Bunun en büyük sebebi topluma İslam bilincinin yeteri kadar verilmemesinden kaynaklanıyor. Bir diğer sebebi de Emevi iktidarı ile birlikte Kerbela’da kendi peygamberinin çoluk çocuğuna soykırım uygulayacak kadar gözü dönmüş siyasi iktidarlardır. Şah İsmail Tebriz’de ehli sünnet alimlerini dar ağacında sallandırırken, Osmanlı’da da Alevi, Bektaşi ve Şia itikadında olanlar hemen hemen aynı akıbete uğradı. Bu gün farklı mı sanki? Bu gün de İslam dünyasında, İslam adına Müslüman müslümanın başını “Allahüekber” diye tekbir getirerek kesiyor.
İslam’a göre büyüklük sadece Takva’dayken ve sadece ilim değil aynı zamanda takva sahiplerinin gerçek kurtuluşa ereceği açıkça bildirilmişken, gerçekte bir sürü şarlatan İslam alimi sıfatıyla yüz binleri peşinden sürükledi. Hindistan’daki Müslümanları isyandan sakındırmak için İngilizlerin güdümünde kurulan cemaatlerin peşinden milyonlarca insan gitti. Amaç Din-i Mübin-i İslam mıydı? Elbette ki hayır. Tek amaçları Büyük Britanya Krallığı’nın sömürgesinin devamını sağlamaktı.

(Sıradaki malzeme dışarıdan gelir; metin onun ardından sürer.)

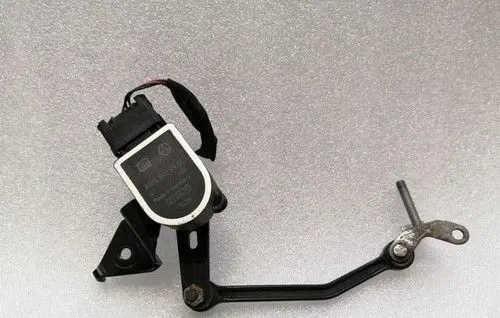 Mercedes-Benz ML W166 Front air suspension height level sensor A0045429918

İslam’da olmayan ve Hristiyan cemaatlerinden devşirilmiş daha birçok kurum gibi cemaatler de İslam’a bugün çok büyük zararlar veriyor. Müslümanların dini bilgilerini artırmak yerine sadece sömürü üzerine kurulmuş bu sistem İslam’a halen zarar vermeye devam ediyor. Fakirlerin hakkı olan fitre, zekat, kurban ve bağışları toplamak ve onları ihtiyaç sahiplerine dağıtması gereken cemaatler, bu kontrolsüz ve sınırsız kaynağın üzerine adeta çökmüş durumda. Halbuki İslam’da yeri bile olmayan cemaatlerin verilen sadaka ve zekatı kayıt altına alıp yine belgeli bir şekilde dağıtması gerekirken, giren paranın kaydı olmadığı için çıkışını da takip mümkün olmuyor. Aslında en büyük sorun bu. Çünkü Müslümanlar para ile imtihanını kaybetmiş durumda. Artık cemaat, tarikat ve diğer tüm dini müesseselerin Diyanet’e bağlanıp, para giriş ve çıkışlarının devlet tarafından takip edilmesi gerekiyor. Yoksa üç kuruş para için bu kavganın sonu gelmez.